[Collection entries]
####################
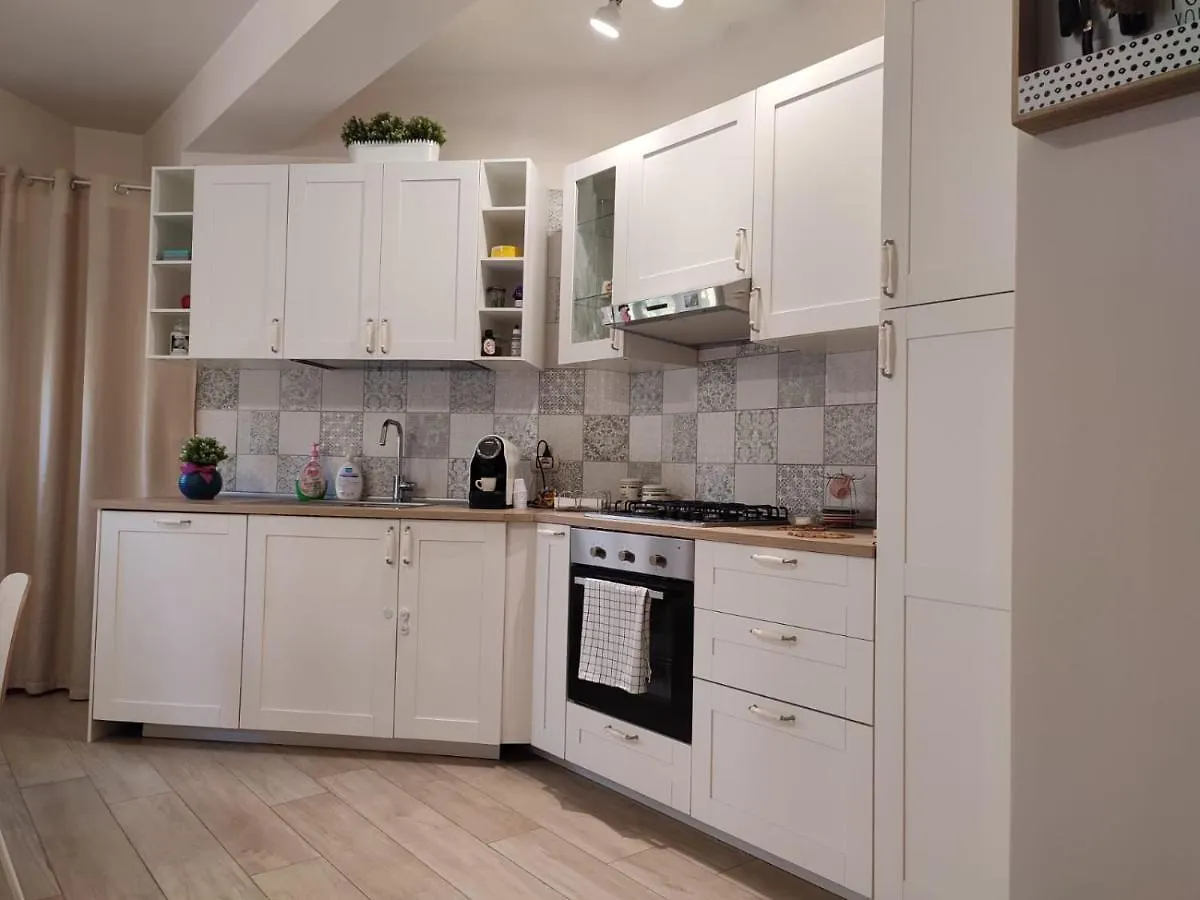 Apartment Appartamento Incantevole Con Parcheggio E Giardino Catania Italy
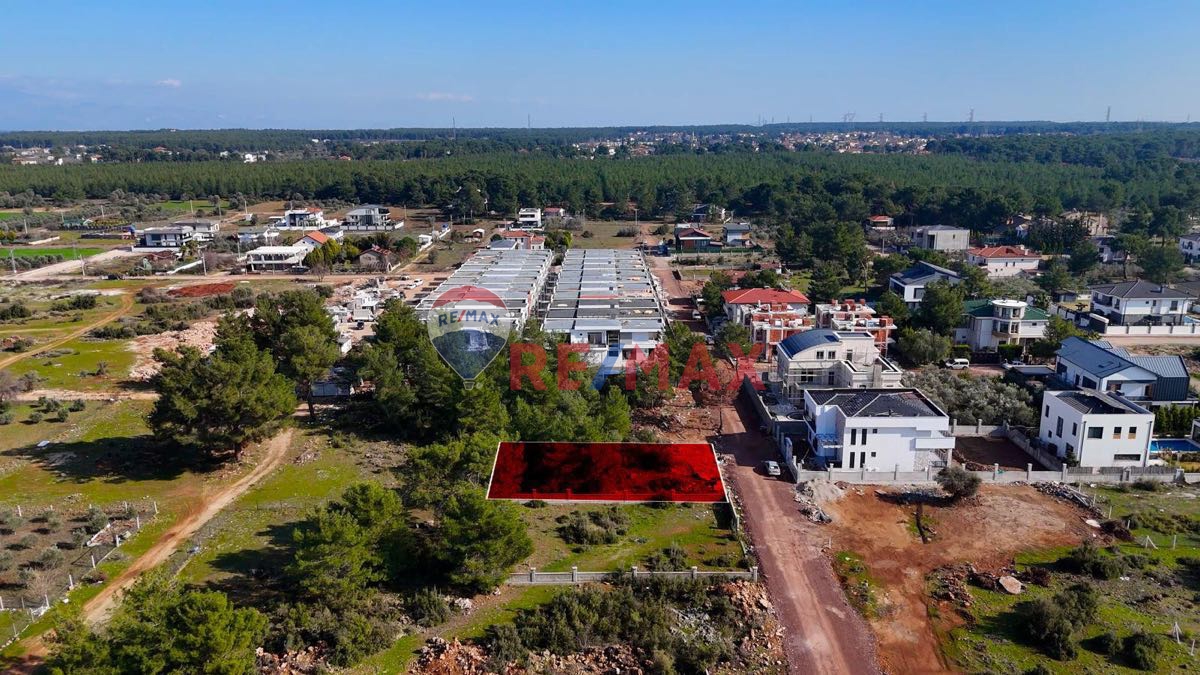 YEŞİLBAYİR’DA ANTALYASPOR TESİSLERİ’NE YAKIN SATILIK ARSA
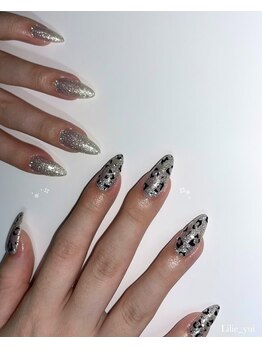 5本アート＋フラッシュネイル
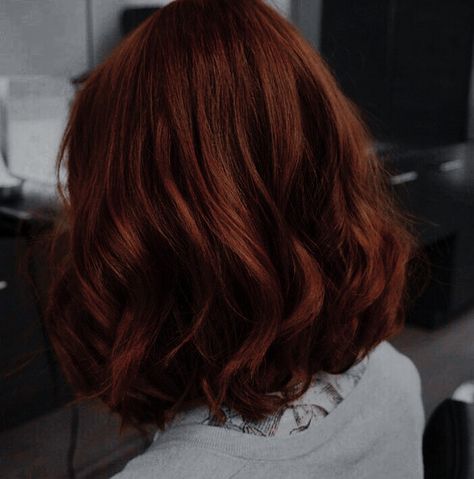 Short Auburn Hair, Dark Ginger Hair, Widow Aesthetic, Rose Weasley, Dark Auburn Hair, Cabello Hair, Ginger Hair Color, Red Brown Hair, Hair Color Auburn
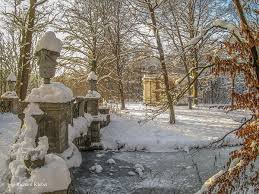 Pin By Richard Kleber On Winter Im Englischen Garten Palace Outdoor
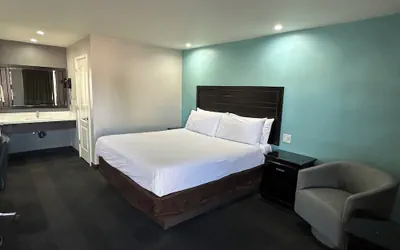 Photo 4 - Sunset Inn Lake Oroville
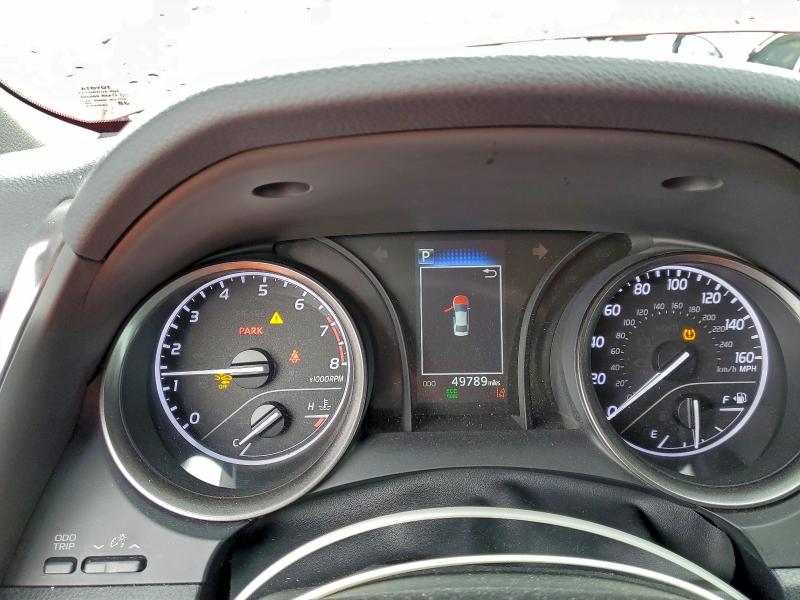 Фото 9 - TOYOTA CAMRY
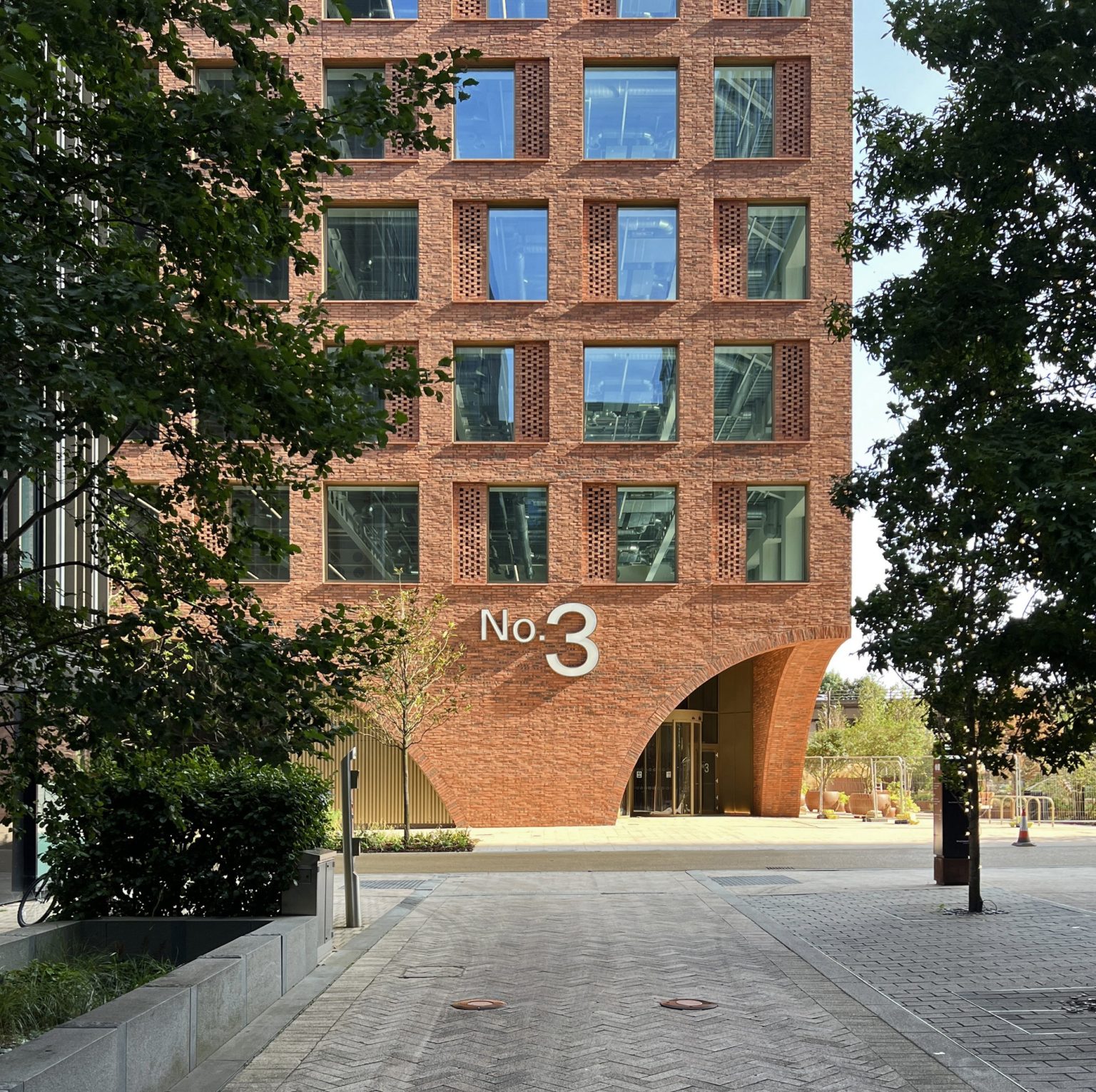 0256 No3. Circle Square – Bridge Architects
####################
How to complete this task
Pictures do not belong in your copy; restate word for word the lines from the one containing "YEŞİLBAYİR’DA ANTALYASPOR TESİSLERİ’NE" through the last line of the records above.

Response
 YEŞİLBAYİR’DA ANTALYASPOR TESİSLERİ’NE YAKIN SATILIK ARSA
 5本アート＋フラッシュネイル
 Short Auburn Hair, Dark Ginger Hair, Widow Aesthetic, Rose Weasley, Dark Auburn Hair, Cabello Hair, Ginger Hair Color, Red Brown Hair, Hair Color Auburn
 Pin By Richard Kleber On Winter Im Englischen Garten Palace Outdoor
 Photo 4 - Sunset Inn Lake Oroville
 Фото 9 - TOYOTA CAMRY
 0256 No3. Circle Square – Bridge Architects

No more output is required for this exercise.